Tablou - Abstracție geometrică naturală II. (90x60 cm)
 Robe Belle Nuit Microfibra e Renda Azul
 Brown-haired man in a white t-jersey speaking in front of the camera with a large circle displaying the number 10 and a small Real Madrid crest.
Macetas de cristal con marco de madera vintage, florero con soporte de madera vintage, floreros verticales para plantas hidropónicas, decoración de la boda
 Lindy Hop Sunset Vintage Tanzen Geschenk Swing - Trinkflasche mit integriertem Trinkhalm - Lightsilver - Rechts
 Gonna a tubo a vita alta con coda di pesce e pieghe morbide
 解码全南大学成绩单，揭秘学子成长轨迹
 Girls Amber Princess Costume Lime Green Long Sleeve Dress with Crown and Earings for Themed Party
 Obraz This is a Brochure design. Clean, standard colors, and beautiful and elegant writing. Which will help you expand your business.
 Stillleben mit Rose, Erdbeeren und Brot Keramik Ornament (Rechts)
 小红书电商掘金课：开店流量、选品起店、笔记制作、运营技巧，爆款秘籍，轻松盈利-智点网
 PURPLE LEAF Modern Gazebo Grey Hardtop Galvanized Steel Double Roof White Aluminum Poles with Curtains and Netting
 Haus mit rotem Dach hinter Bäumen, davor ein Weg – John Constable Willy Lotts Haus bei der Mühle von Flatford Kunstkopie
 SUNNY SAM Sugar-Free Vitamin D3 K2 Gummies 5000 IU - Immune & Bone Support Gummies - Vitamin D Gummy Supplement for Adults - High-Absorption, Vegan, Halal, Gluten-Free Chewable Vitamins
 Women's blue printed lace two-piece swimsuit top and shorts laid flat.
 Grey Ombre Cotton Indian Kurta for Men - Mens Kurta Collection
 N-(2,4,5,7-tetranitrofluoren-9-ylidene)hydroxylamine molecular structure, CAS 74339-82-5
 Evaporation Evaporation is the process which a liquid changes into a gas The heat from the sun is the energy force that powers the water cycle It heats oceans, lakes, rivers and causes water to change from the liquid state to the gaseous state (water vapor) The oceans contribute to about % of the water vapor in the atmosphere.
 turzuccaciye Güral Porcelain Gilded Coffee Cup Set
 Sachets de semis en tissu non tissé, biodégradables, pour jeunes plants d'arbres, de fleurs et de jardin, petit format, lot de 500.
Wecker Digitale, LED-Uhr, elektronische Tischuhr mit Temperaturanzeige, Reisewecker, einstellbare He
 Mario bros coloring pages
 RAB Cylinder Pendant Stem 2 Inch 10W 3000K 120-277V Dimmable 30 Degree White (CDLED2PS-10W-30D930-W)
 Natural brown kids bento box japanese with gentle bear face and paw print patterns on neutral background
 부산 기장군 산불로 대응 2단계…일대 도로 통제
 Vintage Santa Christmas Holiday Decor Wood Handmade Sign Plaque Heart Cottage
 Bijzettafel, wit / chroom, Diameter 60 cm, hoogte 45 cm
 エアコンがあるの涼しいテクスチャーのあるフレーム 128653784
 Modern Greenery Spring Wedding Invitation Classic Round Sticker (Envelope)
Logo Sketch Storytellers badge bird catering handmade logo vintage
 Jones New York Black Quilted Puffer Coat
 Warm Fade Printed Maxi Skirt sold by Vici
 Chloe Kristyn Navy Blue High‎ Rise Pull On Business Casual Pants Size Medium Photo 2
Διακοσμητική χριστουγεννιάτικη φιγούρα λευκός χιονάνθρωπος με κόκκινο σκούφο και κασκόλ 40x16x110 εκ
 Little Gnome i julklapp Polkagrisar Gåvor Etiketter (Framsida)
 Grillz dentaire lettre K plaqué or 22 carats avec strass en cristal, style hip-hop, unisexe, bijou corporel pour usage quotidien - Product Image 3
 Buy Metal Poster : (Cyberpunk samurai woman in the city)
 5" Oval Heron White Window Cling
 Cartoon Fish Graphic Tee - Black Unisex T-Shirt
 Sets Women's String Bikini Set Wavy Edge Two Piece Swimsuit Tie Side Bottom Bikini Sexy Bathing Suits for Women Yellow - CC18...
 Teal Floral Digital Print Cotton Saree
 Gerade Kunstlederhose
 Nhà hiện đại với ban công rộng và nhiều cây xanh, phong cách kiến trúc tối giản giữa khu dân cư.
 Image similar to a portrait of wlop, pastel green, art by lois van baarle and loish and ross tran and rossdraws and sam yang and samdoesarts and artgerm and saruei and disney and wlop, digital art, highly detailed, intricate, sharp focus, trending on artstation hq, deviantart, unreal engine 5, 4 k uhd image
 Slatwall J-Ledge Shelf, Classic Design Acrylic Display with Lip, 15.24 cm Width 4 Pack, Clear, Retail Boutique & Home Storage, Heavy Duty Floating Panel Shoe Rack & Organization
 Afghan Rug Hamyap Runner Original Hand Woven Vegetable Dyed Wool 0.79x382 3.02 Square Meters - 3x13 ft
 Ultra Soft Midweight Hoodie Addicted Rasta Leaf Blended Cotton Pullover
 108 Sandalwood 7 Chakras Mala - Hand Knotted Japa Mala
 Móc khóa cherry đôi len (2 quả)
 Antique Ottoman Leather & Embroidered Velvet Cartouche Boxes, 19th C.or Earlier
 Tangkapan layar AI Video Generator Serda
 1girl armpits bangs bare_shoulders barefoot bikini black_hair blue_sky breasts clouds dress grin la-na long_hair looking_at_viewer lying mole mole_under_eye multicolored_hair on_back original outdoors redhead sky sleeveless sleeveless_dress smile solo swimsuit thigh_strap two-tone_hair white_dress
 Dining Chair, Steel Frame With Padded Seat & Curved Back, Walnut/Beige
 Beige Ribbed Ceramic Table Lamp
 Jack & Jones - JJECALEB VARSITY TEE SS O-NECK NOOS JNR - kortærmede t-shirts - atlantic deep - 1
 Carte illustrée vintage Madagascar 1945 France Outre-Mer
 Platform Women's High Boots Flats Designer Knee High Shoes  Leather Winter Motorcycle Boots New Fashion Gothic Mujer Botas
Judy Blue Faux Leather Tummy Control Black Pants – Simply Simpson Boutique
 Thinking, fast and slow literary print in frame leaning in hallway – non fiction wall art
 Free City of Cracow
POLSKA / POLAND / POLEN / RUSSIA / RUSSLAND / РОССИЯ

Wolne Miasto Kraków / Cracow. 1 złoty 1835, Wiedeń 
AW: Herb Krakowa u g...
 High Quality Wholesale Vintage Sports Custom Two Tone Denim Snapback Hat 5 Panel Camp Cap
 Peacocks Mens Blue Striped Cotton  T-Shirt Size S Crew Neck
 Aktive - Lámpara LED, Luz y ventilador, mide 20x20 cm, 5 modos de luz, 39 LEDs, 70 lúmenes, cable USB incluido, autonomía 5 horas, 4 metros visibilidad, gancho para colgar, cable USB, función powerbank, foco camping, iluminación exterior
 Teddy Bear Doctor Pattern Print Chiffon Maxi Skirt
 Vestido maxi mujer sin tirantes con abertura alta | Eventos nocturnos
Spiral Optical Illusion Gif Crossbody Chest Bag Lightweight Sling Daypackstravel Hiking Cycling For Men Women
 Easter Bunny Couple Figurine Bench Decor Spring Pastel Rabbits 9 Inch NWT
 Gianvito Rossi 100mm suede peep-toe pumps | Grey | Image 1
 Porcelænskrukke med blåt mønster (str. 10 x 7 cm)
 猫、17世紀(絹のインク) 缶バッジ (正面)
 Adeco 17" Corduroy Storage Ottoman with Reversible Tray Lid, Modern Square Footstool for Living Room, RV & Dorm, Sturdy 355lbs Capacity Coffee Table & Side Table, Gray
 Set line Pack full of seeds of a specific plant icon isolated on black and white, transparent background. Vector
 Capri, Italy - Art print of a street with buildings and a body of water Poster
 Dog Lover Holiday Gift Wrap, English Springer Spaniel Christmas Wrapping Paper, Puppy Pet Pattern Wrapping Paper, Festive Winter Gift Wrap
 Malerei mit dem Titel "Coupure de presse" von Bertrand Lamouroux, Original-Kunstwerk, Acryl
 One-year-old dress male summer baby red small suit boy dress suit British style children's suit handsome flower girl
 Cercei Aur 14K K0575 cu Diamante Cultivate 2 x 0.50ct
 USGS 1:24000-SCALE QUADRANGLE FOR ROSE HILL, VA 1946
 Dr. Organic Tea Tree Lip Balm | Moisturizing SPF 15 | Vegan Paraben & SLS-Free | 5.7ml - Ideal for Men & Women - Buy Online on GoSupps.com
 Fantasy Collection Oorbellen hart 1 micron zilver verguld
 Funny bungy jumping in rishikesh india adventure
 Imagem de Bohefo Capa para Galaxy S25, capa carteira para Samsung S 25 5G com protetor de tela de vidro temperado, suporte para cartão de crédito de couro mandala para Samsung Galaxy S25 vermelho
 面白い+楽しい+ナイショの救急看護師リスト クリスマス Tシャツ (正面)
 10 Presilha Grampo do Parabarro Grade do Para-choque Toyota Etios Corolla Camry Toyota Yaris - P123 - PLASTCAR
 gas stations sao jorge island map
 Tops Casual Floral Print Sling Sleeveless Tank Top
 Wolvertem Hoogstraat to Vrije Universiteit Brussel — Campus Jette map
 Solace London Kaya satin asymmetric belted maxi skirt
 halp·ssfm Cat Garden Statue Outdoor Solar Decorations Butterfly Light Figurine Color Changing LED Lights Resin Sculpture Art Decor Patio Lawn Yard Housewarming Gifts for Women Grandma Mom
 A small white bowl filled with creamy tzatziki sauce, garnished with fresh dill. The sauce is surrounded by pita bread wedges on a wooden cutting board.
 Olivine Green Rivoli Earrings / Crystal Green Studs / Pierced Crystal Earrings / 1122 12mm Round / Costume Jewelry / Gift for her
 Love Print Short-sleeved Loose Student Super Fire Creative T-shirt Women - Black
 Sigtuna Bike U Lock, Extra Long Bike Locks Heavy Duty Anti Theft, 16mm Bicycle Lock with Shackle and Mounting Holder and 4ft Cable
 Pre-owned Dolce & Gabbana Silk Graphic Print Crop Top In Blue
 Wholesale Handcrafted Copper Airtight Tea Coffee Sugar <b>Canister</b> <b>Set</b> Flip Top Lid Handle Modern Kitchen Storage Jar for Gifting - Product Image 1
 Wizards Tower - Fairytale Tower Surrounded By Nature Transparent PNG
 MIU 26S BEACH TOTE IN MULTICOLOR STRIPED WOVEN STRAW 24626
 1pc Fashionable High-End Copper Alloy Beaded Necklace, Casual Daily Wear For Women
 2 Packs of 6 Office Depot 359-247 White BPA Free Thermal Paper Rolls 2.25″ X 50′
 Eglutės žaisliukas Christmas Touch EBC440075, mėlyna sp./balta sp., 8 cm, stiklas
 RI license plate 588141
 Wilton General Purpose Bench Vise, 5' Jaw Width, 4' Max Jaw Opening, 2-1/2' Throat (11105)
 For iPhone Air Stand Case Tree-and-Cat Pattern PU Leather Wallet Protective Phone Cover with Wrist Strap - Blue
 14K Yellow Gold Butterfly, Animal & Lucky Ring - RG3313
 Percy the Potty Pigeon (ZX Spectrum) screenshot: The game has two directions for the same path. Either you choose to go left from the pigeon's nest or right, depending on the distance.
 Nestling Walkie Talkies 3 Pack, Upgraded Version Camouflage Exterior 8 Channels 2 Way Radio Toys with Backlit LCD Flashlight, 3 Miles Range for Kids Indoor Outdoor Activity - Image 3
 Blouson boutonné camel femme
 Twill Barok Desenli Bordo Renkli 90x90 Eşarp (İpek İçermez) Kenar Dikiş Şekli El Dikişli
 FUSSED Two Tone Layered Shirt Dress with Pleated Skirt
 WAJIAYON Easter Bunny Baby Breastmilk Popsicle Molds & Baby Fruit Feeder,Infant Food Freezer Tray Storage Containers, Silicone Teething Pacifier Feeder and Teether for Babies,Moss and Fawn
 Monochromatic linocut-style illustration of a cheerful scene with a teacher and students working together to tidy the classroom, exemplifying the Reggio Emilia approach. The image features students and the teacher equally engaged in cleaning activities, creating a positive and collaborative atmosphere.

------------------------------------------------

● **Assignment**
Nothing should appear in the answer except the lines above from the line with "Olivine Green Rivoli" through the line with "Pre-owned Dolce &", both included, written out exactly.

● **Expected output**
 Olivine Green Rivoli Earrings / Crystal Green Studs / Pierced Crystal Earrings / 1122 12mm Round / Costume Jewelry / Gift for her
 Love Print Short-sleeved Loose Student Super Fire Creative T-shirt Women - Black
 Sigtuna Bike U Lock, Extra Long Bike Locks Heavy Duty Anti Theft, 16mm Bicycle Lock with Shackle and Mounting Holder and 4ft Cable
 Pre-owned Dolce & Gabbana Silk Graphic Print Crop Top In Blue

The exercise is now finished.